Please reproduce the data exactly, though every picture must stay out.

### Input data
-=-=-
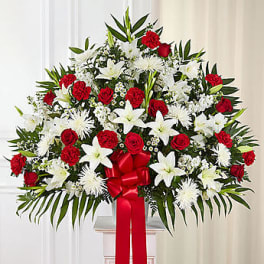 Large red and white floral standing spray with a red ribbon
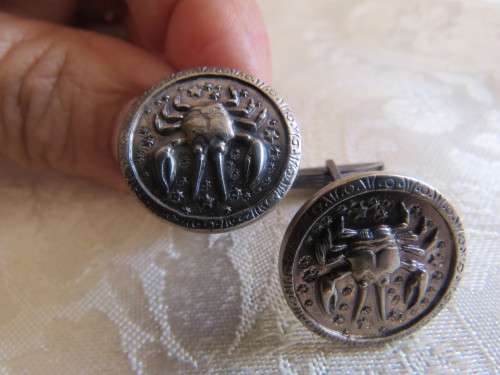 Pair of antique cufflinks.Round with crab design.As new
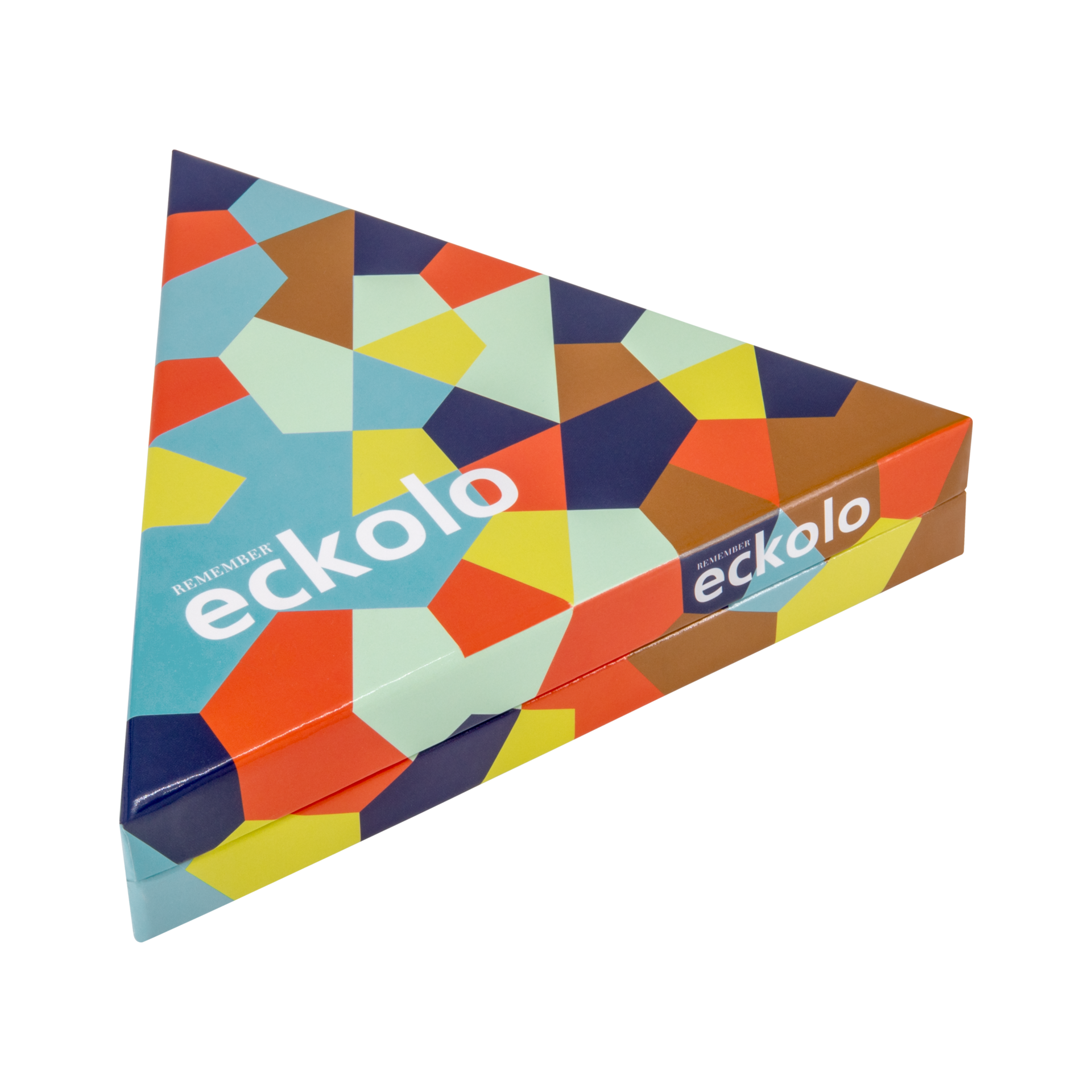 Dreieckige Schachtel des Spiels Eckolo mit buntem geometrischen Muster aus Polygonen in Blau, Orange, Gelb und Braun. Der Schriftzug „eckolo“ ist zweimal sichtbar. Leicht schräg von oben vor weißem Hintergrund.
-=-=-
### Exercise output
 Large red and white floral standing spray with a red ribbon
 Pair of antique cufflinks.Round with crab design.As new
 Dreieckige Schachtel des Spiels Eckolo mit buntem geometrischen Muster aus Polygonen in Blau, Orange, Gelb und Braun. Der Schriftzug „eckolo“ ist zweimal sichtbar. Leicht schräg von oben vor weißem Hintergrund.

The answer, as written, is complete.